UCB: The Beauty and Joy of Computing - inst.eecs.berkeley.edu/~cs10
- - history, limits, future and social implications of computing
- - apps that changed the world
- - "how it works" sessions
- - current events in programming
- - abstraction, algorithms, data, programming paradigms, concurrency, AI, ..
The first speaker discussed the Exploring Computer Science curriculum.
Leigh Sudol was the second speaker ...
- There's an app for that (facebook, iphone, android)
- Is your class a Google story? LOL. great approach. "Computer science is not about creating a program that already exists." If I can google a working example of an assignment, faster than a student can open Eclipse, it shouldn't be an assignment."
- Things with no right answer. Ex - Greeps, Battleship (students have to write the player for the game, given gui)
- Teach a bigger CS Concept (embedded breadth) - blackjack teaches machine learning.
- "Just one piece" of Research - have ur students implement just a small piece of the project
And lastly, Maggie Johnson, who is from Google.
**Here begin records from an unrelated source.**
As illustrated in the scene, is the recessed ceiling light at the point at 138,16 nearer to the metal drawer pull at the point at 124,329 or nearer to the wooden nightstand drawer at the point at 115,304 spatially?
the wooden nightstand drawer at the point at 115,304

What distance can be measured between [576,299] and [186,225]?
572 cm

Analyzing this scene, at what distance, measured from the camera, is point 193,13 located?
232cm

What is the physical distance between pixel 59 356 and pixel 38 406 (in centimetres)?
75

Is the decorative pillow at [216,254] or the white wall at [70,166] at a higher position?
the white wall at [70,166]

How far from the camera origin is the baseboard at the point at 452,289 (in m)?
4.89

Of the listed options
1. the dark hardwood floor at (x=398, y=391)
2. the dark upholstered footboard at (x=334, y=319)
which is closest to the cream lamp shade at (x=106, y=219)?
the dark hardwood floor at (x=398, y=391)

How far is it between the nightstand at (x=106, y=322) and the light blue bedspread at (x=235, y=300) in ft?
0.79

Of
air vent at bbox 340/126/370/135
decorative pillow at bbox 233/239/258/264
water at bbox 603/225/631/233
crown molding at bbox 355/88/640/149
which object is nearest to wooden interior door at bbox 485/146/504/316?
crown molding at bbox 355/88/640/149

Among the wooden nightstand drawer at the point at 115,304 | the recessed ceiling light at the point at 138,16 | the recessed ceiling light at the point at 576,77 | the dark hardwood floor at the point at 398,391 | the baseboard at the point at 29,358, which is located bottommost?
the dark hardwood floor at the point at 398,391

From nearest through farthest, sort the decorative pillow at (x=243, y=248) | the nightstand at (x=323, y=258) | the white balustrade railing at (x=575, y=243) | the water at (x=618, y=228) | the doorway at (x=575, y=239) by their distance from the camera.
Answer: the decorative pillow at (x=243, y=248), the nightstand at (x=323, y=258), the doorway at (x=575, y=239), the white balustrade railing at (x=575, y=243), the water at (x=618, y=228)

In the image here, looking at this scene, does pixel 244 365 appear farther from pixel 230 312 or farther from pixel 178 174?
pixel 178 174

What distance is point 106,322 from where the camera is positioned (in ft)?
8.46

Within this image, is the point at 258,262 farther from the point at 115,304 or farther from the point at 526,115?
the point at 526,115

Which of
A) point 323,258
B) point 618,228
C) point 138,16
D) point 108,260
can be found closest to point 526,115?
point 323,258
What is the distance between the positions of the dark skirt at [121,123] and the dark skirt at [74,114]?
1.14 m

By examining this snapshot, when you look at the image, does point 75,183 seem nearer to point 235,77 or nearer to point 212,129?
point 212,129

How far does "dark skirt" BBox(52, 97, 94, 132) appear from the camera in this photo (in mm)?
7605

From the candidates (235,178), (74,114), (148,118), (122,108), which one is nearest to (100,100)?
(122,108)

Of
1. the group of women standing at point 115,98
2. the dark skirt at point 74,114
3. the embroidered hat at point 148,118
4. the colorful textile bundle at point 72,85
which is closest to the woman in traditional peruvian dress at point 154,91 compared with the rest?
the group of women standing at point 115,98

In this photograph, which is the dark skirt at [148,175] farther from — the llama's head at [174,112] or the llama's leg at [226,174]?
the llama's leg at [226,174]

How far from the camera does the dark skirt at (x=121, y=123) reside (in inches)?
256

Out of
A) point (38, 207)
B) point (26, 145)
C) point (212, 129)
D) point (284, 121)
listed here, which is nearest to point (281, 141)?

My mind was stuck on Leigh Ann Sudol's comment about is your class a "Google Story?" (So I didn't quite hear much after her presentation, sorry!) In other words, can students find the solution to your programming problems and assignments by a simple Google search? HS Teachers typically teach the AP CS (programming) curriculum and it can be difficult to show students the PBJA of computing, specifically when it deals with current technologies. Where do we find the time to learn it? Teach it? I think that at a basic level, YES - we can create some interesting programming assignments, but new technologies and applications are coming to the forefront on a regular basis. I would love to teach my students how to develop facebook apps, android apps, blackberry apps and the like --- but this takes time and money.
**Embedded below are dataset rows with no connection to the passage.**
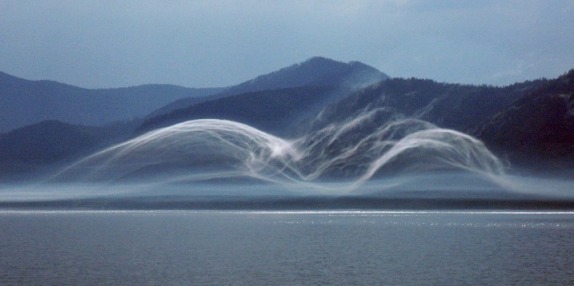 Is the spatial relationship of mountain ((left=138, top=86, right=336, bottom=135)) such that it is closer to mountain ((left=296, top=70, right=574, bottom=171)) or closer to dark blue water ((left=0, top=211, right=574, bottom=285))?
mountain ((left=296, top=70, right=574, bottom=171))

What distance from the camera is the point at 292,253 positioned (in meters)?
58.8

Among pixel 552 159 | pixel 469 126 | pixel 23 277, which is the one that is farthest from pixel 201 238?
pixel 469 126

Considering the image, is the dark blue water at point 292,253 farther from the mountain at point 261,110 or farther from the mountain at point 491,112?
the mountain at point 261,110

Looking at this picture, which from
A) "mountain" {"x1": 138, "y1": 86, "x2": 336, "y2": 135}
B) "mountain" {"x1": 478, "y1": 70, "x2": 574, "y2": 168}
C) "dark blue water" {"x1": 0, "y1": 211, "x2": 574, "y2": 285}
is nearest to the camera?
"dark blue water" {"x1": 0, "y1": 211, "x2": 574, "y2": 285}

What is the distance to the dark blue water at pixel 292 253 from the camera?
46.8 m

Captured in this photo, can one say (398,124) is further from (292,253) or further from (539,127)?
(292,253)

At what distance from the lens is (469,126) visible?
433 ft

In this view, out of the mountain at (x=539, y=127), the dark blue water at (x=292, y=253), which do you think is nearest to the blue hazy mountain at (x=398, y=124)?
the mountain at (x=539, y=127)

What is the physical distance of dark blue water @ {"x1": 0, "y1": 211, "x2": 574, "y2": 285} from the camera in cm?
4675

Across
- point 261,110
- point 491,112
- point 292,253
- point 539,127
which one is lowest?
point 292,253

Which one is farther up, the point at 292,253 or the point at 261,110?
the point at 261,110

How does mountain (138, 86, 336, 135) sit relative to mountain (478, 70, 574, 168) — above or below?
above

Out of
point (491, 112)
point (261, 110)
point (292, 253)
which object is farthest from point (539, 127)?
point (292, 253)

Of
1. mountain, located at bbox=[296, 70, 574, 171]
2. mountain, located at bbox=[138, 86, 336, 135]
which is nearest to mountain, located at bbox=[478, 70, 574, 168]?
mountain, located at bbox=[296, 70, 574, 171] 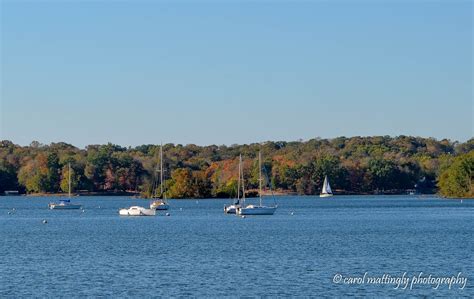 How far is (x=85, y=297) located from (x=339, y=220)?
70407 millimetres

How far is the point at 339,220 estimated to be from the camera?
367 feet

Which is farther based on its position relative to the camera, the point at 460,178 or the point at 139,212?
the point at 460,178

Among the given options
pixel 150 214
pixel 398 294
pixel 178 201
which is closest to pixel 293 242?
pixel 398 294

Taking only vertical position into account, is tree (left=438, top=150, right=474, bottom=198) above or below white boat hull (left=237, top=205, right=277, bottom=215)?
above

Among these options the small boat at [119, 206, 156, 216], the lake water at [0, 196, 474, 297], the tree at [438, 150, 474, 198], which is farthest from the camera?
the tree at [438, 150, 474, 198]

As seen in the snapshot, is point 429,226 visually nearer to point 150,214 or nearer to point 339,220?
point 339,220

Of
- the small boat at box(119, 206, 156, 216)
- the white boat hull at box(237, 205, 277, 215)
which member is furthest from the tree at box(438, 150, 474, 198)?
the small boat at box(119, 206, 156, 216)

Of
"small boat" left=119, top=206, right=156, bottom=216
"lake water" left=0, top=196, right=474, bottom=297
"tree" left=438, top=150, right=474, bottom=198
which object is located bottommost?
"lake water" left=0, top=196, right=474, bottom=297

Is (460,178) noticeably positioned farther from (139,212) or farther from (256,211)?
(139,212)

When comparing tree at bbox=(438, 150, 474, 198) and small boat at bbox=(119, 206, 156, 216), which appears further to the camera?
tree at bbox=(438, 150, 474, 198)

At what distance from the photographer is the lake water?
4594 centimetres

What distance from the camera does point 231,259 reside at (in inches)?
2324

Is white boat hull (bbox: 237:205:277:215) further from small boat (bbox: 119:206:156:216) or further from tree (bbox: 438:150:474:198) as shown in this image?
tree (bbox: 438:150:474:198)

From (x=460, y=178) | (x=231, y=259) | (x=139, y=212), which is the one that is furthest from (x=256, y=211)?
(x=460, y=178) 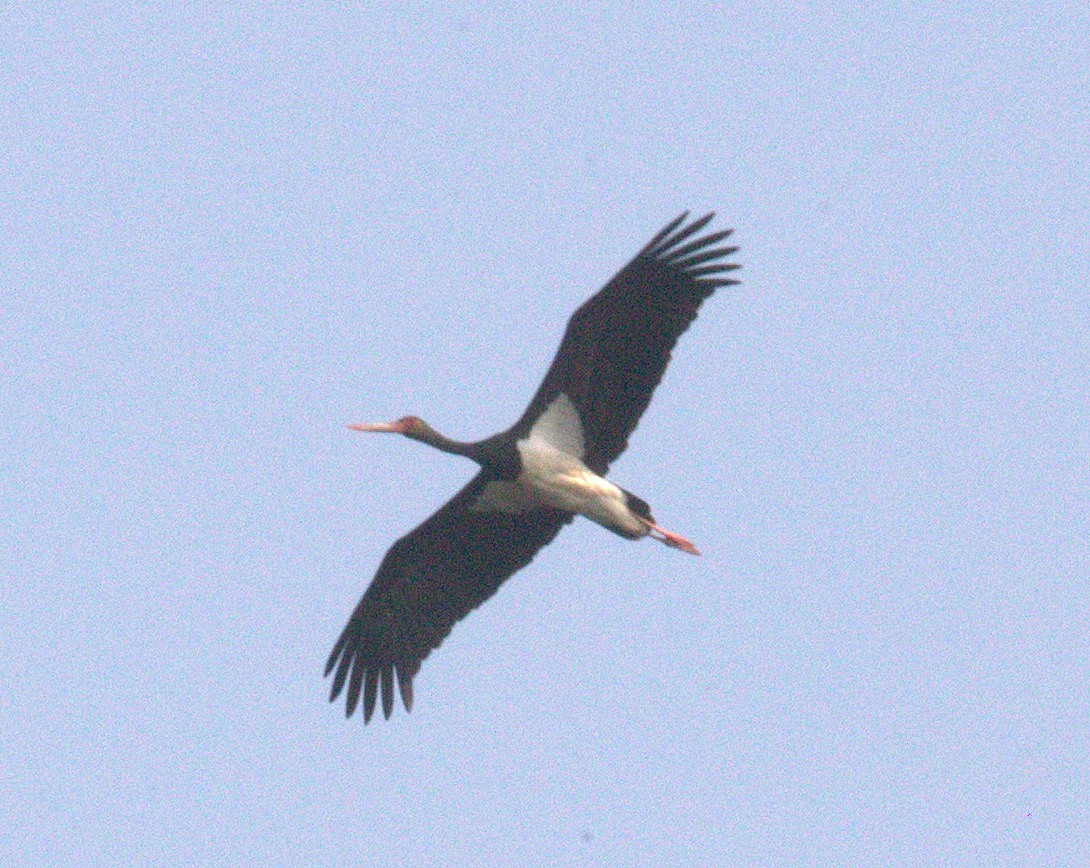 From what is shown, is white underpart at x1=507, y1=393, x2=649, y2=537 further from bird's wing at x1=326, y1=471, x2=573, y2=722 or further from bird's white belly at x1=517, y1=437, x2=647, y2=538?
bird's wing at x1=326, y1=471, x2=573, y2=722

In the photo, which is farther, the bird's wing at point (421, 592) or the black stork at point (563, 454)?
the bird's wing at point (421, 592)

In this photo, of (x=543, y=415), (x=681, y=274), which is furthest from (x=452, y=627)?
(x=681, y=274)

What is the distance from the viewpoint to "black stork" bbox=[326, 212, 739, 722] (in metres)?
18.2

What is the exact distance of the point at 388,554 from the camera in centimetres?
1920

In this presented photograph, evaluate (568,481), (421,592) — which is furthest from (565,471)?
(421,592)

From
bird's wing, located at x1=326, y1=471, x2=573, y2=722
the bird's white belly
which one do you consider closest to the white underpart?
the bird's white belly

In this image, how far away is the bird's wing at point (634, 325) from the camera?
59.6 feet

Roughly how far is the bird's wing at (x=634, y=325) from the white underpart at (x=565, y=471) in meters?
0.09

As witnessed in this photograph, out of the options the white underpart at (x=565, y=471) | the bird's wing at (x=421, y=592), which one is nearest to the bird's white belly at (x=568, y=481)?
the white underpart at (x=565, y=471)

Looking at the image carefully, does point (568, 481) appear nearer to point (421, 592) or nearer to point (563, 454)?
point (563, 454)

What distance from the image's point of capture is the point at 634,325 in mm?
18219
It would be great to have a portal for unique and innovative lesson plans using the new technologies.
I challenged the college/university faculty members in the audience to reach out to high school teachers and share their resources. If your developing a new course, share with us (teachers)! If you have a unit on mobile phone applications, let a teacher sit on your class!!
signing off ... but this was another interesting PBJA session. Yayy!